#### Dataset content ####

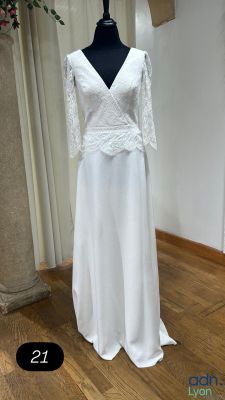 a white dress on a mannequin stand in a room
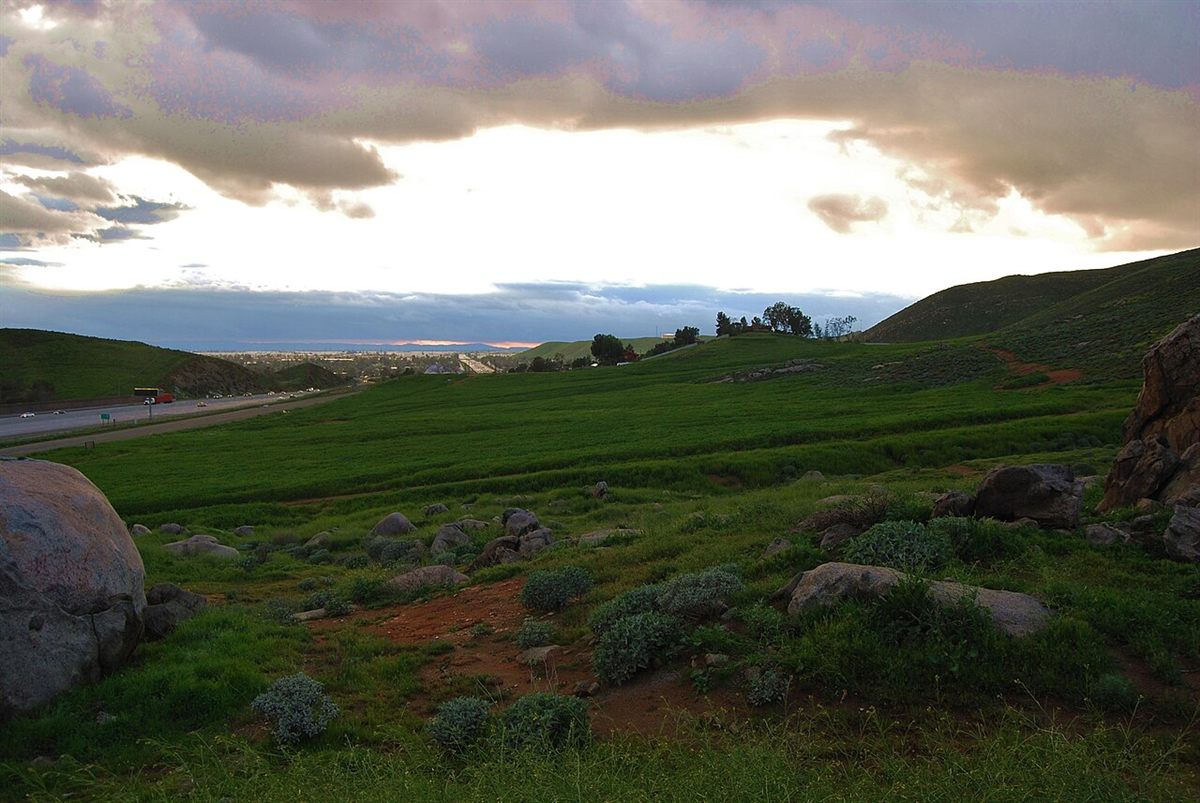 Green Jurupa Mountains landscape with residential areas in western Riverside County, California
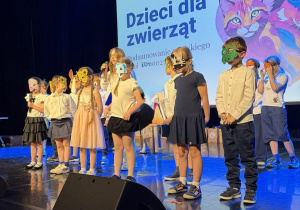 Uczniowie stoją na scenie podczas występu z okazji gali na zakończenie projektu.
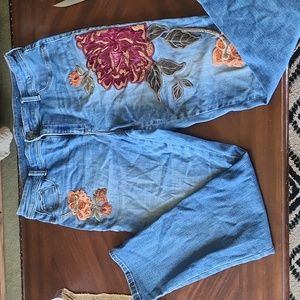 Vintage jeggings with floral designs on the leggs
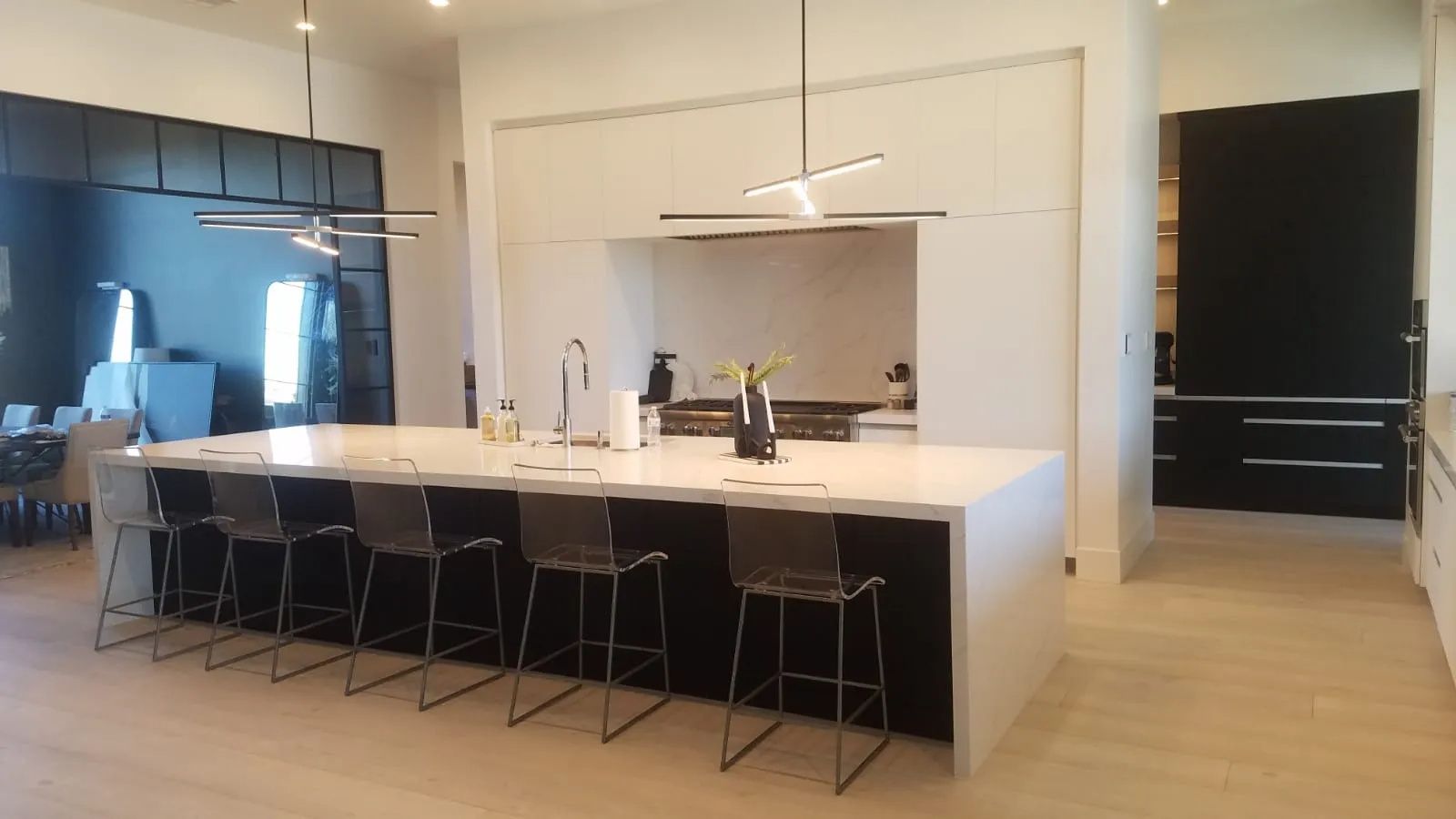 Modern kitchen with large white island, dark cabinets, and several barstools.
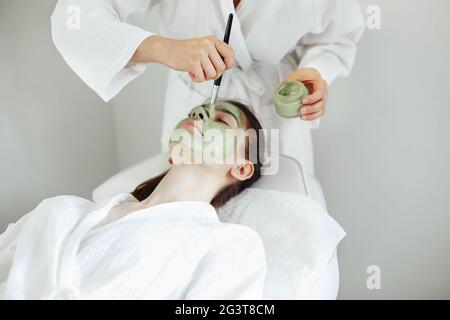 Belle femme détendue ayant le masque de visage d'argile Banque D'Images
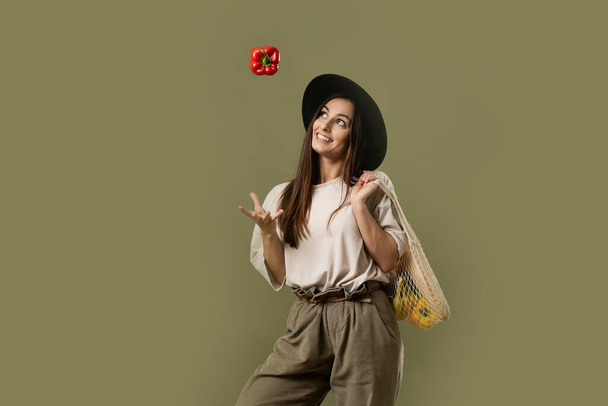 Vegetarian woman wear casual clothes and black hat hold net eco bag with vegetables and throw up a red pepper in air - Фото, изображение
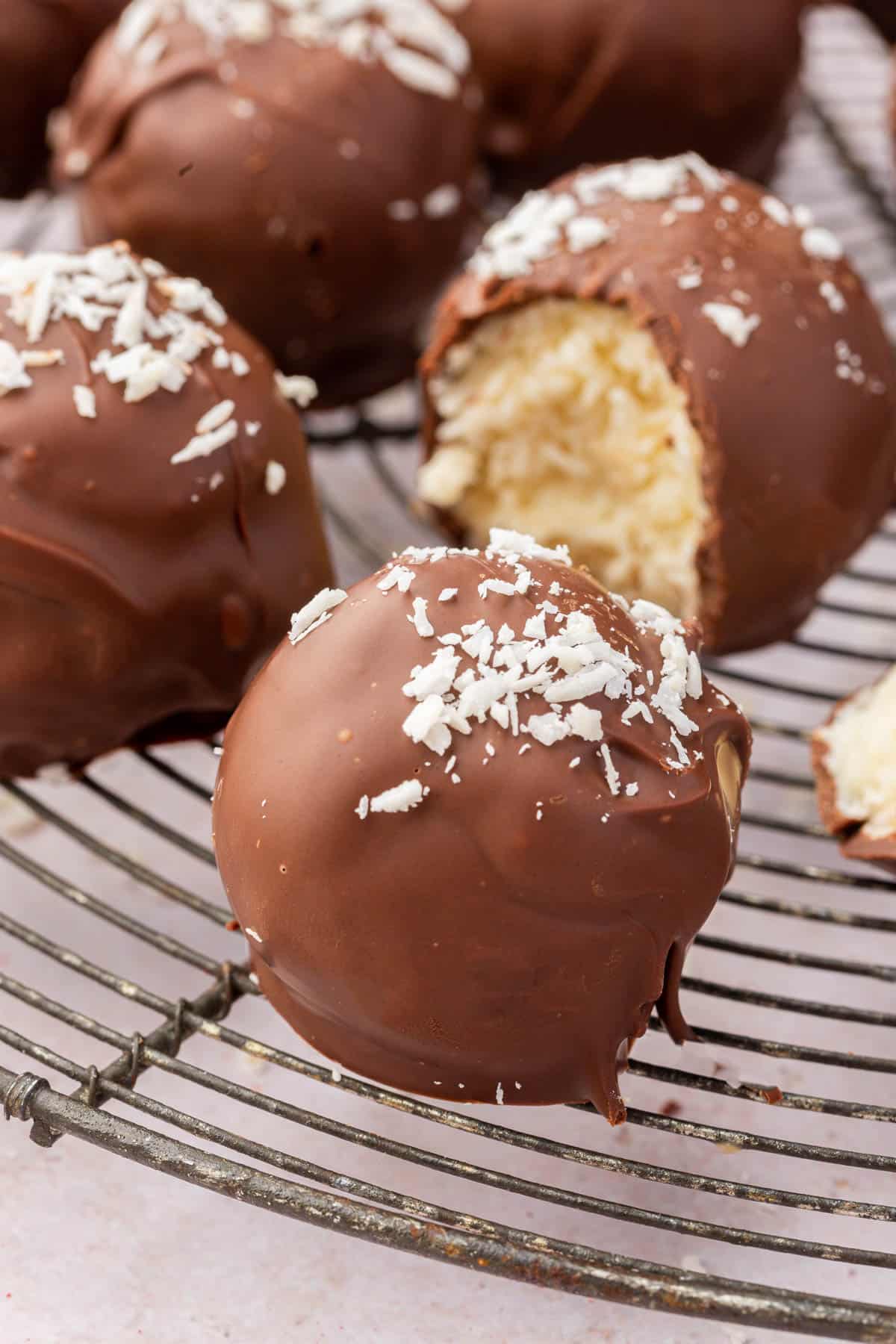 A close up of a single coconut ball covered in dark chocolate and topped with shredded coconut flakes on a cooling rack with more coconut balls in the background.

####

Please write out exactly the lines from the one holding "Modern kitchen with" through the last line of the material above, both included, as a copy without pictures.

■ Answer area ■
 Modern kitchen with large white island, dark cabinets, and several barstools.
 Belle femme détendue ayant le masque de visage d'argile Banque D'Images
 Vegetarian woman wear casual clothes and black hat hold net eco bag with vegetables and throw up a red pepper in air - Фото, изображение
 A close up of a single coconut ball covered in dark chocolate and topped with shredded coconut flakes on a cooling rack with more coconut balls in the background.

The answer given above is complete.